Well, the Cubans say Havana, Have-Ana, sooo I'm gonna go with they're right. LOL!


----------



## Leslie (Feb 28, 2007)

galaxie said:


> Well, the Cubans say Havana, Have-Ana, sooo I'm gonna go with they're right. LOL!


Actually, my Cuban neighbors call it "'Abana" silent "h" and /b/ instead of /v/ 

I say Have-uh-knees


----------



## pjewel (Apr 11, 2007)

I'm with the Have a knees group. Then it's easier to say Have-a-what?


----------



## good buddy (Feb 20, 2007)

Leslie said:


> Actually, my Cuban neighbors call it "'Abana" silent "h" and /b/ instead of /v/


So then it would be Aban-ease op2:


----------



## Leslie (Feb 28, 2007)

Christy~ That's exactly how the grandmother says it!


----------



## good buddy (Feb 20, 2007)

Leslie said:


> Christy~ That's exactly how the grandmother says it!

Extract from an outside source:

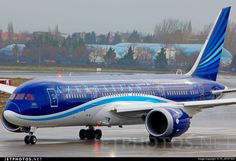 a blue and white airplane is on the runway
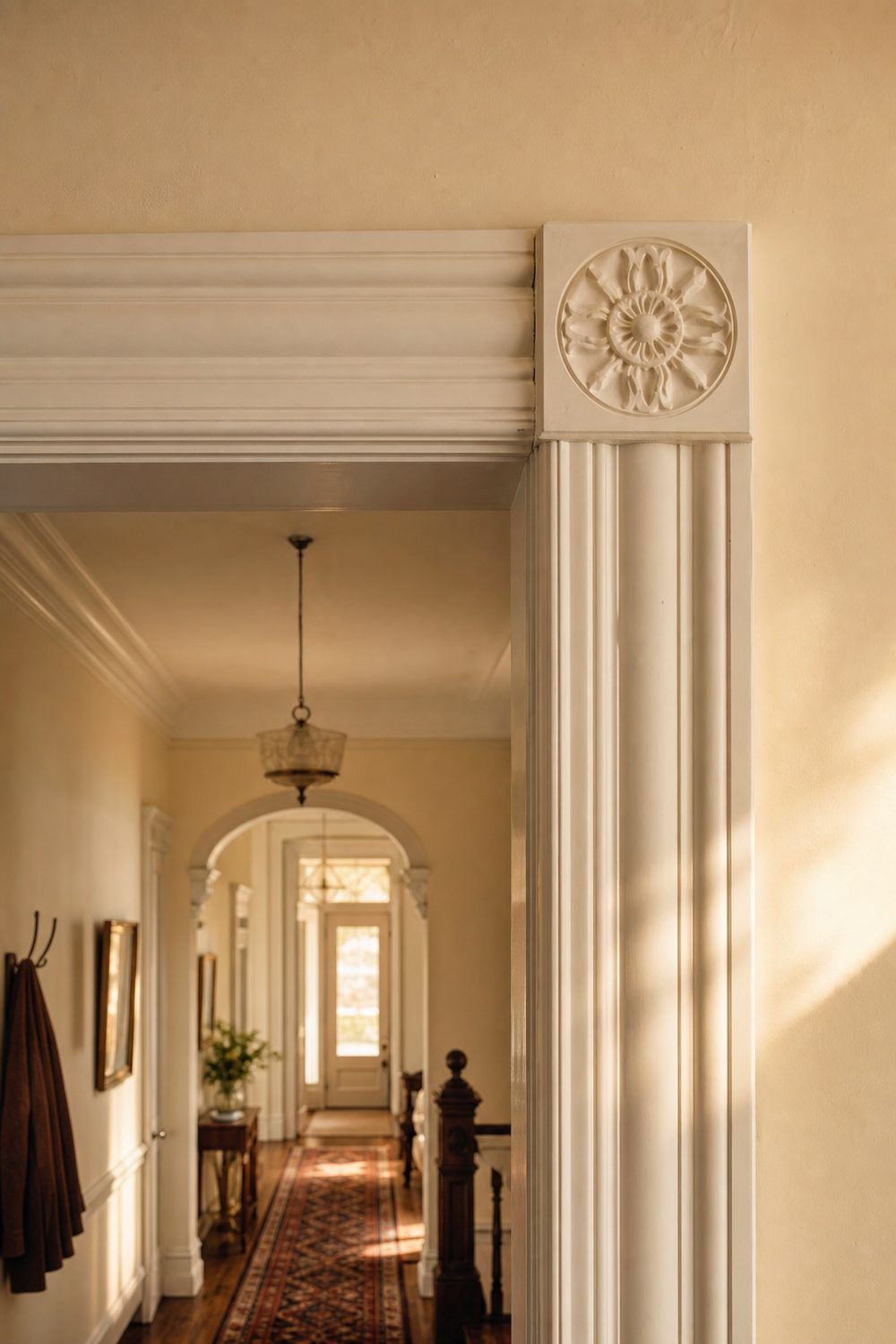 Carved white rosette corner blocks joining fluted door casing legs at the top corners in a cream Victorian hallway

lol! Then it seems to depend on how you pronounce Havana! I'm all in with the Ha-va-knees group. I tried to say Have-a-knees for awhile, because I thought that was the proper way, but I forget and say it Ha-va-knees every time.


----------



## Havtahava (Aug 20, 2006)

Have-a-neez ("have" as in "I _*have*_ a dog", who are named after Huh-vanna

I can't do the "HAHV-ah-neez" even if I wanted to... and I don't.


----------



## pjewel (Apr 11, 2007)

Don't they say Have-a-knees at Westminster? I thought I remembered that but then again, maybe it depends upon who's announcing.


----------



## kudo2u (Mar 7, 2009)

At my house, it's pronounced hav-uh-sneeze

When Tango first met DH, he had just come in from a bike ride and, um, needed a shower....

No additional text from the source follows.